BEGIN Given data
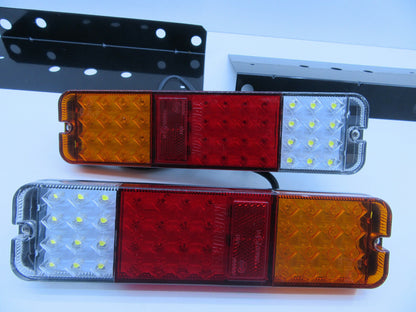 Tray Back LED Tail Lights With Bracket PAIR WITH 2 Resistors NEW PAIR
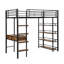 Lit mezzanine avec bureau et tablettes, noir-1688054807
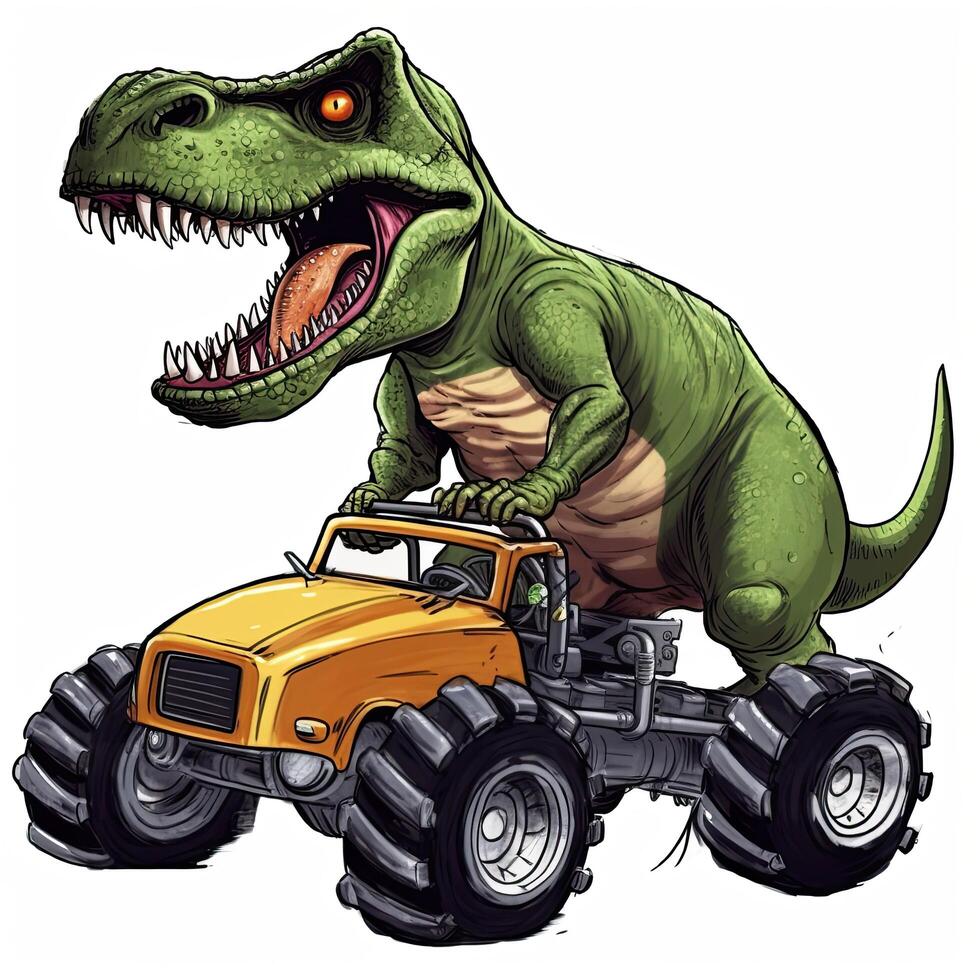 Tyrannosaurus rex dinosaur on a monster truck. TRex Riding Monster Truck clipart, photo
END Given data
The problem: Could you write out verbatim only those lines that run from the line containing "Lit mezzanine avec" through the end of the listing above, both included, without the pictures?

Expected output:
 Lit mezzanine avec bureau et tablettes, noir-1688054807
 Tyrannosaurus rex dinosaur on a monster truck. TRex Riding Monster Truck clipart, photo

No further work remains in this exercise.